Attivo Networks has added new capabilities to its endpoint detection net (EDN), which are designed to increase protection against the next generation of ransomware.
The capabilities aim to improve file protection against ‘human-operated' ransomware, also known as ransomware 2.0 – which is more advanced and complex than standard ransomware. It is designed to bypass traditional security controls and often do not encrypt data on the first networks that they compromise. Instead, they seek to conduct network discovery, move laterally, identify high-value assets, and use Active Directory to explore a network. A ransom demand takes place only after the attackers have the highest-value assets to hold to ransom.

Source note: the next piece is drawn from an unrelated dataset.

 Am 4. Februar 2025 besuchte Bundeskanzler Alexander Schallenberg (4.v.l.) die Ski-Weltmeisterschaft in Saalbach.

Attivo Networks created ransomware protection capabilities by hiding key locations, such as cloud storage, mapped shared networks, production files, removable disks, and selected files or folders. This means the ransomware operates within a decoy environment, thus limiting the potential for full network compromise – including an organisation's most valuable assets.
“Advanced human-controlled ransomware can evade endpoint security controls and after initial compromise, move laterally to cause maximum damage, do data exfiltration and encrypt data,” comments Attivo Networks senior vice president of engineering, Srikant Vissamsetti.
According to a 2019 Attivo Networks Top Threat Detection Trends Survey, 66% of respondents indicated that ransomware remained a top security concern.
Attivo Networks states that traditional security controls only prevent the initial compromise of a system, leaving it exposed when advanced attacks bypass a system's security and quietly work to elevate their attack.
“Combatting sophisticated ransomware requires a new approach with new methods of disrupting these attackers. Attivo is now offering a comprehensive and unique solution that is shifting power back to the defenders. These innovative capabilities not only prevent successful attacks but will also quickly and efficiently derail any attacker attempting to move undetected through the on-premises or cloud networks.
There are five primary techniques that the Attivo Networks EDN ThreatDefend platform provides to reduce the risk and prevent the spread of a ransomware attack.
These work collectively to stop infections and detect in-network threats and other activities criminals would employ to escalate their attack. It:
- Prevents attackers from seeing or exploiting production files, folders, removable disks, network shares, and cloud storage
- Detects attempted exploitation and encryption of decoy file shares (when used in conjunction with BOTsink deception servers)
- Slows an attack by distracting it with high-interaction deception techniques
- Detects credential theft and attempted enumeration of local administrator accounts and Active Directory for privilege escalation
- Provides native integrations that deliver automated isolation and reduce response time.